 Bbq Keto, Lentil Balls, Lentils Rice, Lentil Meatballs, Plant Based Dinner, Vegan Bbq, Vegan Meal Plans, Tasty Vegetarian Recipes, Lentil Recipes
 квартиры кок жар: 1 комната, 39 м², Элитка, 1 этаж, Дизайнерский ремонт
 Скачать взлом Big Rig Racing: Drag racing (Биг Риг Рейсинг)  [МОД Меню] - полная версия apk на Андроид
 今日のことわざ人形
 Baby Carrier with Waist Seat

┄┄┄┄┄┄

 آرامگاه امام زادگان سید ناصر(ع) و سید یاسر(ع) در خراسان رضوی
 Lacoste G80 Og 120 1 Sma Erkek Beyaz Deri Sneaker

┄┄┄┄┄┄

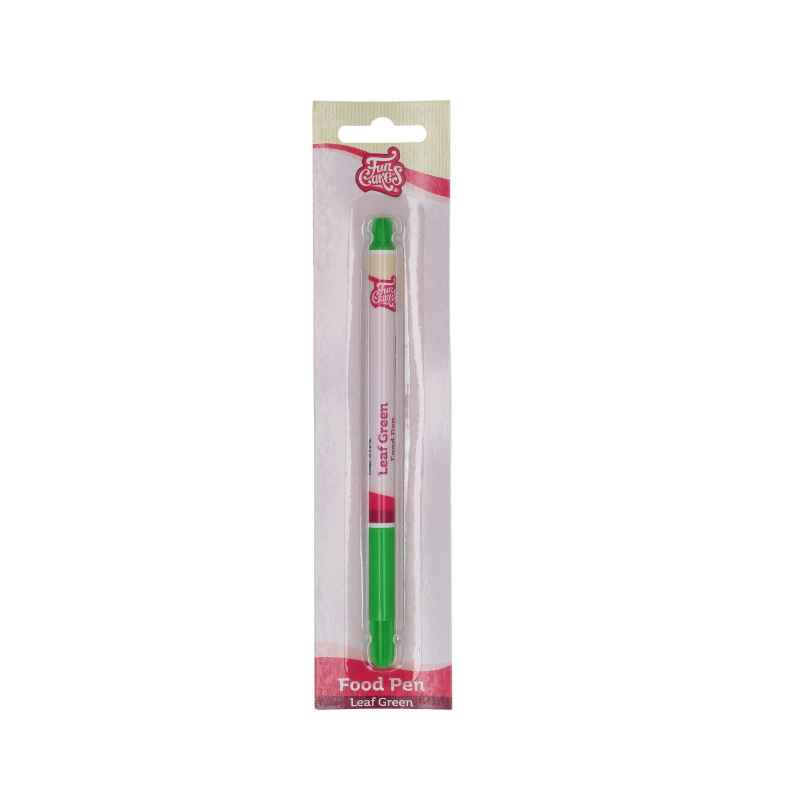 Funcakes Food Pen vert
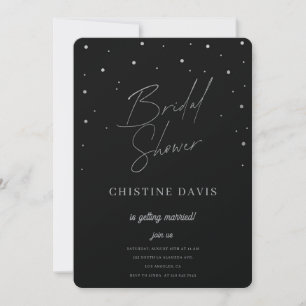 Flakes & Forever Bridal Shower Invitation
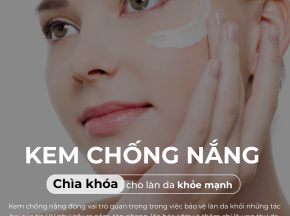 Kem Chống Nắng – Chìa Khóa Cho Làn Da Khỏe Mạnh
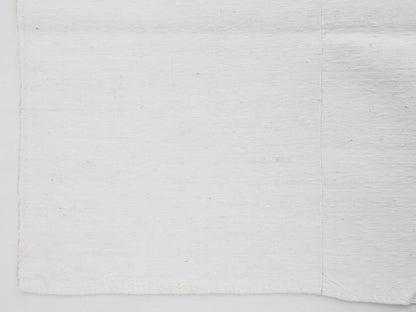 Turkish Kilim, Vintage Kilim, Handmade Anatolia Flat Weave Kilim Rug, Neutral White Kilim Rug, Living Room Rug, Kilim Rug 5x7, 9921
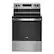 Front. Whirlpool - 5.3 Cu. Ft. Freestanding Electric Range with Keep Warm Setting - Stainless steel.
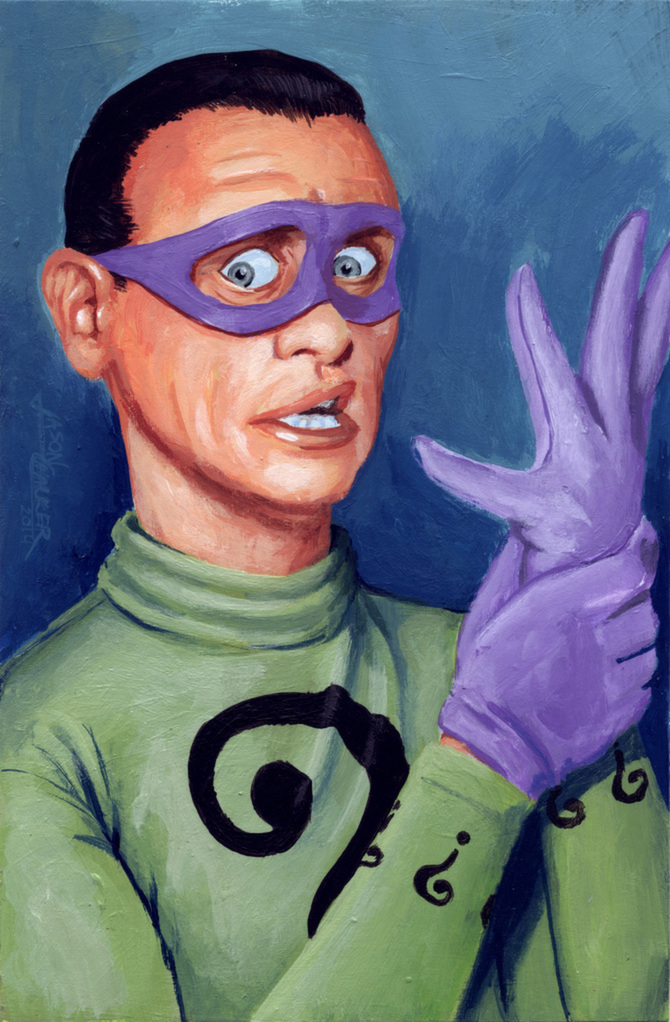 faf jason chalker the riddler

┄┄┄┄┄┄

EXERCISE DETAILS —
Give back exactly the lines above starting at the line where "Bbq Keto, Lentil" appears and ending at the line where "Baby Carrier with Waist Seat" appears, both included, with no other lines.

RESULT FOR THIS TASK —
 Bbq Keto, Lentil Balls, Lentils Rice, Lentil Meatballs, Plant Based Dinner, Vegan Bbq, Vegan Meal Plans, Tasty Vegetarian Recipes, Lentil Recipes
 квартиры кок жар: 1 комната, 39 м², Элитка, 1 этаж, Дизайнерский ремонт
 Скачать взлом Big Rig Racing: Drag racing (Биг Риг Рейсинг)  [МОД Меню] - полная версия apk на Андроид
 今日のことわざ人形
 Baby Carrier with Waist Seat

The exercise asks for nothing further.